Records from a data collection
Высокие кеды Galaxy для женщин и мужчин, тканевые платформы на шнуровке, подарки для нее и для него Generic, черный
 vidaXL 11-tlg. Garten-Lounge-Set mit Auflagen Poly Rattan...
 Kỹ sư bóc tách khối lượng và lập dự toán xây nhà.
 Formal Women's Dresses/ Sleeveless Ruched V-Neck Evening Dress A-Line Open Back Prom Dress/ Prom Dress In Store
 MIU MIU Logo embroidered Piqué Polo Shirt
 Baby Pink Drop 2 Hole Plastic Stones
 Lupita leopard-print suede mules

- What needs to be done -
Reproduce the entries above in full by retyping them exactly.

- Task response -
Высокие кеды Galaxy для женщин и мужчин, тканевые платформы на шнуровке, подарки для нее и для него Generic, черный
 vidaXL 11-tlg. Garten-Lounge-Set mit Auflagen Poly Rattan...
 Kỹ sư bóc tách khối lượng và lập dự toán xây nhà.
 Formal Women's Dresses/ Sleeveless Ruched V-Neck Evening Dress A-Line Open Back Prom Dress/ Prom Dress In Store
 MIU MIU Logo embroidered Piqué Polo Shirt
 Baby Pink Drop 2 Hole Plastic Stones
 Lupita leopard-print suede mules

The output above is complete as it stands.